American TV quiz series (1951)

G. E. Guest House is an American television quiz program that was broadcast on CBS from July 1, 1951, until August 26, 1951. Oscar Levant was host for the first three episodes, after which Durward Kirby had that role. It was also known as Guest House and General Electric Guest House.

== Format ==
Each episode featured a four-celebrity panel. The individual member varied from week to week, but each group contained a critic, a performer, a producer, and a writer. Panelists competed to determine which one could correctly answer the most questions about show business. During Levant's time as host, he played some musical selections on a piano and led a musical quiz segment. Guest stars also appeared on each episode to "render their various specialties".

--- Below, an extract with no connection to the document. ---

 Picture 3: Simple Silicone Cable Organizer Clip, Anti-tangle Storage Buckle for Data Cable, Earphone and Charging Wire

People who appeared as panelists or performing guests included Herman Levin, Isabel Bigley, Binnie Barnes, John Cecil Holm, Cornelia Otis Skinner, Wendy Barrie, William Gaxton, Joe E. Brown, Lanny Ross, Constance Bennett, and John Gassner.

== Production ==
G. E. Guest House was broadcast live on Sundays from 9 to 10 p.m. Eastern Time, replacing Fred Waring's show. The sponsor was General Electric. Young & Rubicam packaged the program. An article in the trade publication Billboard in early August 1951 noted that lack of success of Guest House and two other shows put together by that agency might lead to its exit from packaging TV shows entirely.

==Critical response==
Sam F. Lucchese, writing in The Atlanta Journal, said that Levant's performance in the premiere episode was so objectionable that Lucchese chose not to watch the second one. He wrote, "Levant's supercilious attitude and his snide remarks to fellow performers on his program left a bad taste after an otherwise good show." He also quoted another viewer who said that Levant "made himself so obnoxious" that the viewer was tempted to get rid of any of the sponsor's products that he owned.

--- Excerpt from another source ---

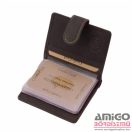 Green deed fekete patentos álló bőr kártyatartó gde2038/t-4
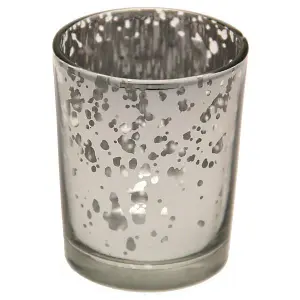 Set of 6 Glass Speckled Votive in Silver, Tealight Candle Holder. H6.5 x W4.5 cm.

Media critic John Crosby described G. E. Guest House as one of several "pretty darned good quiz shows" in the summer of 1951. He called the program "an ingenious operation, strongly bolstered by straight entertainment" and wrote that the quiz and entertainment aspects were sometimes supplemented by "some pretty amazing displays of temperament between the guests".

Larry Wolters wrote in the Chicago Tribune that the program "set a new high in contrived banter, labored humor, and mechanical informality." He commented on Levant's rudeness and wrote of the show, "All in all it was a sort of variety hodge-podge — and an interminable one."

Jack O'Brian's review of the premiere episode for the International News Service noted Levant's "orneriness" and called the episode "a mishmash of melody, many questions, some answers, and a great deal of short temper which bore the clear markings of labored preparation and rehearsal." Still, he described the show as "better than fair fun".